OFAC Publishes Examples of Ocean Shipping Industry Sanctions Evasion
New U.S. guidance for the ocean shipping industry outlines several example scenarios of foreign shipowners, shipping companies, tanker vessels and others looking to evade sanctions. The guidance, issued Oct. 31 by the Office of Foreign Assets Control, is designed to help ocean shipping industry officials recognize new or common “fact patterns that may be indicative of sanctions evasion,” OFAC said, or help them address common due diligence issues while trying to comply with U.S. sanctions.
The examples describe a shipowner that falsified documents to hide that it moved Iranian oil; a European iron ore buyer that tried to hide its connection to a sanctioned freight forwarder; insurers that were able to revoke their insurance policies for a tanker vessel -- mid-voyage -- after media reports revealed the vessel was shipping Iranian oil; and more.
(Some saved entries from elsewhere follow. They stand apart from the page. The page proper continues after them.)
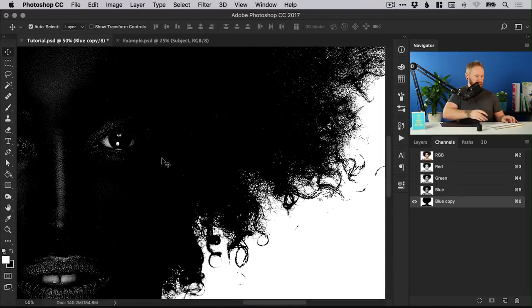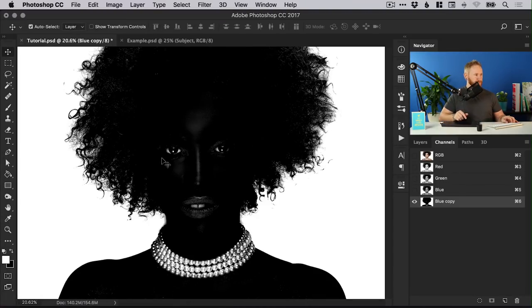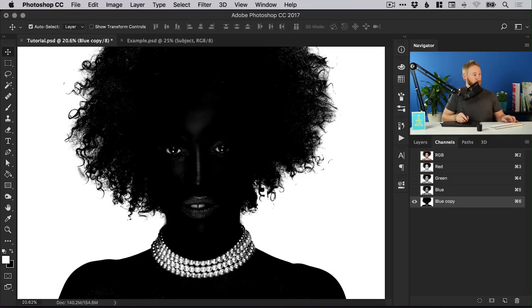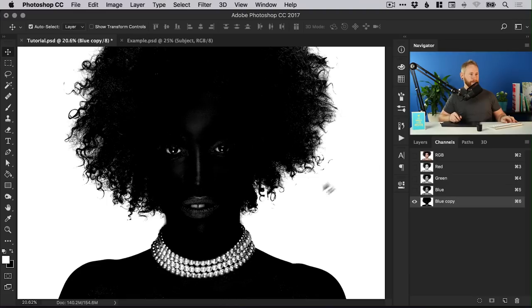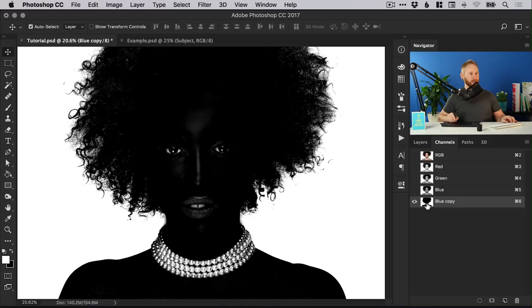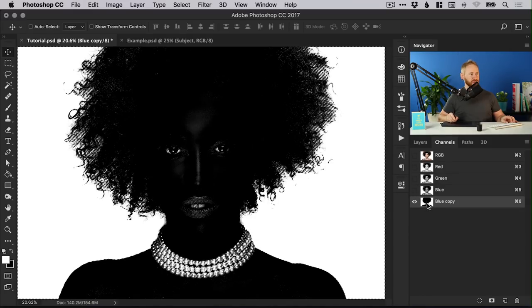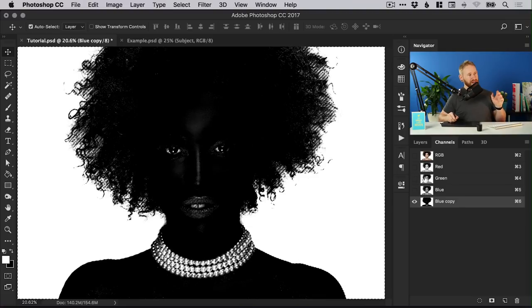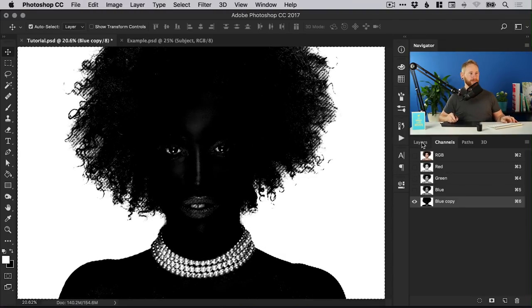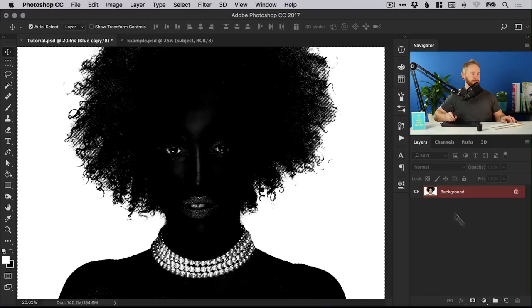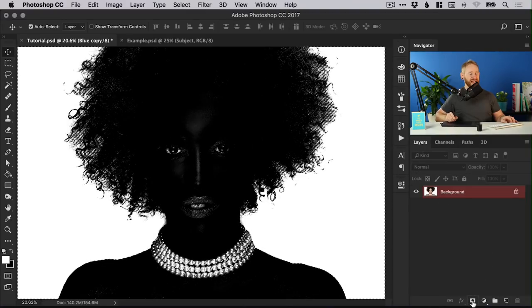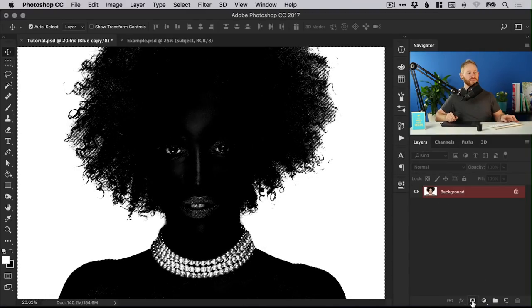We've got a pretty good selection that we can now use to select the hair. What we can do is we have our blue copy channel, we can hold down command or control and left click on the channel thumbnail itself and you'll see that it makes a selection. We can switch back over to our layers panel and select the add layer mask icon from the bottom of the layers panel.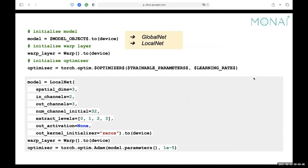Before training, we need to initialize our model, warp layer, and optimizer. In MONAI, we have implemented two models specifically for registration: the GlobalNet and the LocalNet. The GlobalNet can predict an affine transformation — rotation, shearing, translation, and scaling for the whole image. The LocalNet is for predicting the DDF, giving a three-channel displacement prediction for each pixel. We also need the warp layer, which warps the moving image using the predicted deformation to get the warped image. In this example, we are using the LocalNet.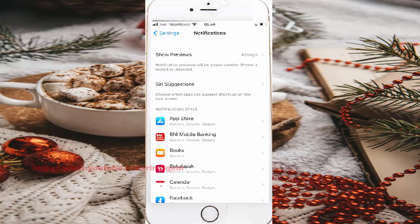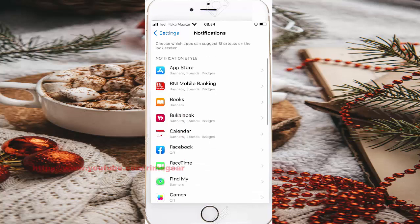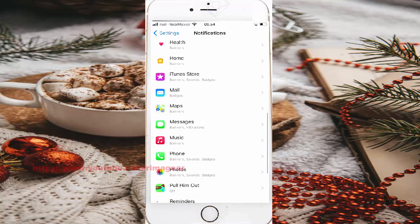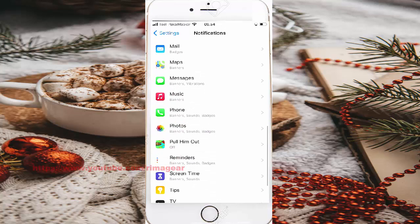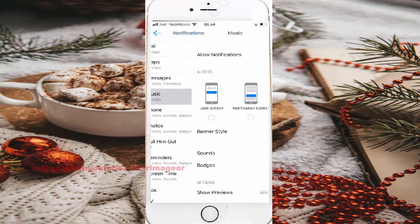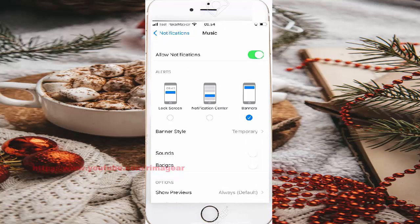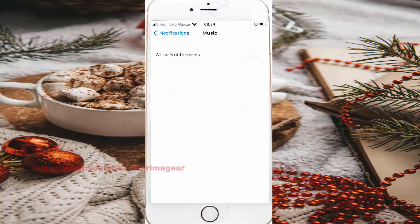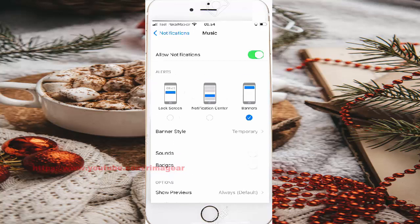Scroll down to the notifications, scroll down the notifications screen by music, then tap music. Do a musical notification first, and then click on the notifications screen.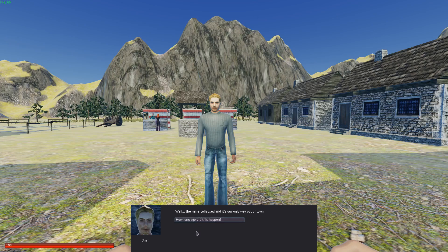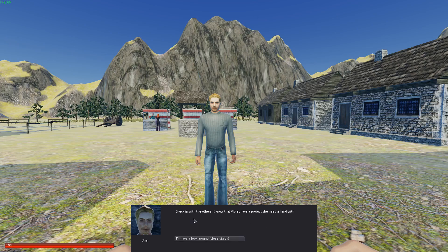Well, the mine collapsed and it's our only way out of town. It must be about three years. We could really use a hand around town. Check in with the others — I know that Violet has a project she needs a hand with.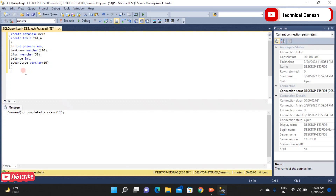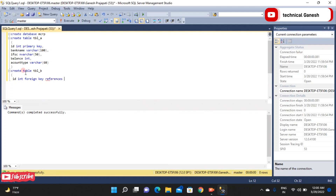Second step: create the second table. Create table tbl_b. Open the function and define the id column as a foreign key referencing tbl_a. The reference meaning is: it links back to tbl_a. Open the function and define the id, then id represents the ending point with a comma, and bank_name.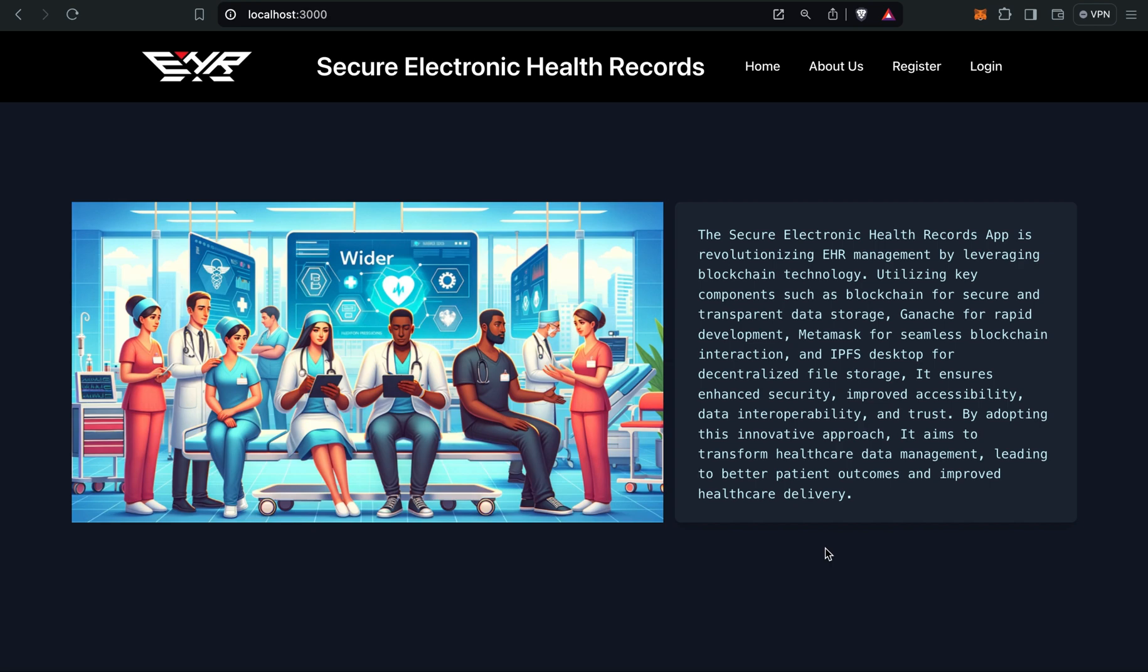Hello everyone, welcome to my channel. Today I'm going to demonstrate my final project, Secure Electronic Health Records.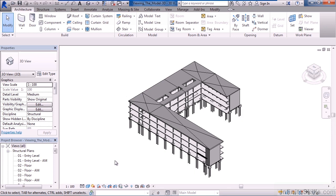In this lesson, we'll cover viewing the model in 3D.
In one scenario, a ship broker declined to sell a tanker to a ship management company. Although there was “no immediate sanctions concern” involving the ship management firm, OFAC said it refused to tell the broker about the source of its funds, its lines of business and the nationalities of its “counterparties,” and its website didn’t have basic contact and address information.
After recording the incident in its customer database, the ship broker received a request nine months later from a new company looking to buy a tanker, and that company’s owner was the same buyer who had been flagged in the ship broker’s system. OFAC said the broker eventually found out the buyer had ties to vessels that were sanctioned six months earlier for moving Iranian oil.